WORK INSTRUCTION:
Copy nothing but the lines running from the one containing "Imagen 2 de" through the end of the listing below. Drop the pictures.

PROVIDED MATERIAL:
========================================
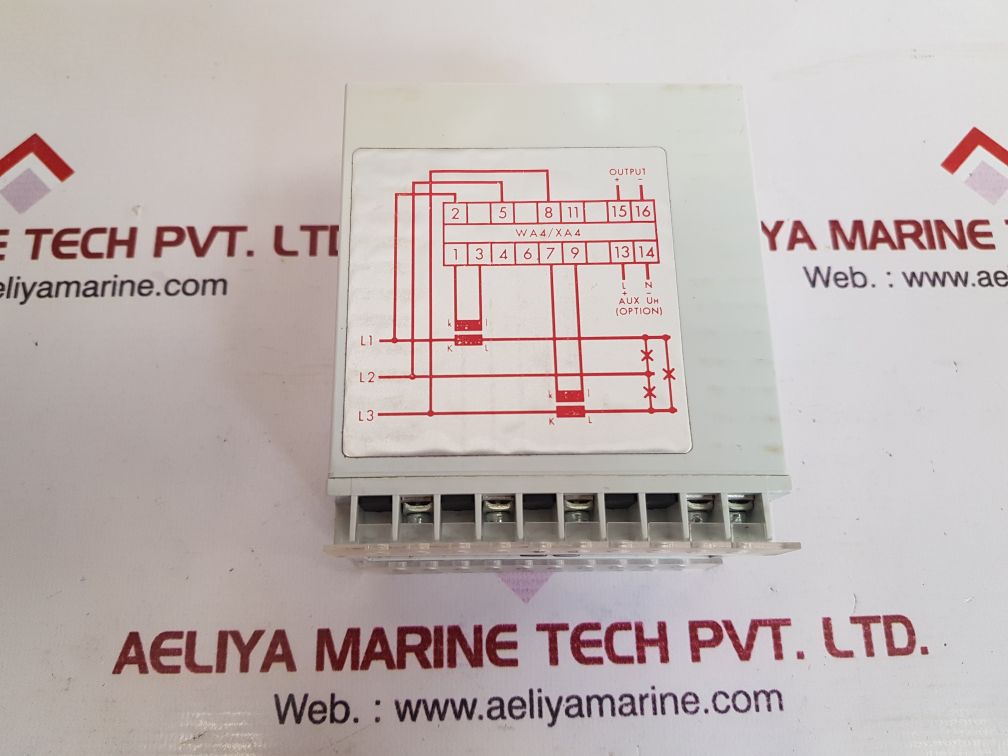 Multitek m100wa4oc watt transducer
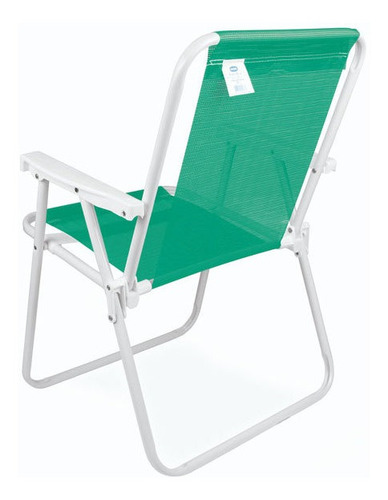 Imagen 2 de 7 de Sillon Playa Camping Pescador Acero Sannet Mor
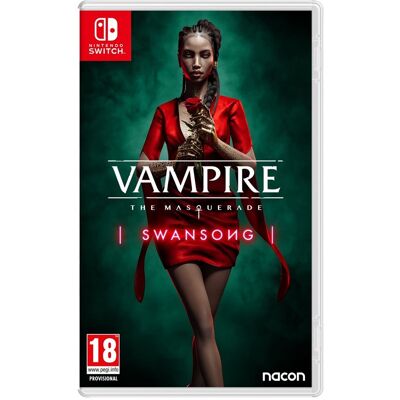 Nacon Vampire - The Masquerade Swansong FR/NL SWITCH Nacon Vampire - The Masquerade Swansong FR/NL SWITCH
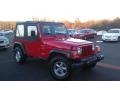 2000 Stone White Jeep Wrangler Sport 4x4  photo #2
========================================
TASK RESPONSE:
 Imagen 2 de 7 de Sillon Playa Camping Pescador Acero Sannet Mor
 Nacon Vampire - The Masquerade Swansong FR/NL SWITCH Nacon Vampire - The Masquerade Swansong FR/NL SWITCH
 2000 Stone White Jeep Wrangler Sport 4x4  photo #2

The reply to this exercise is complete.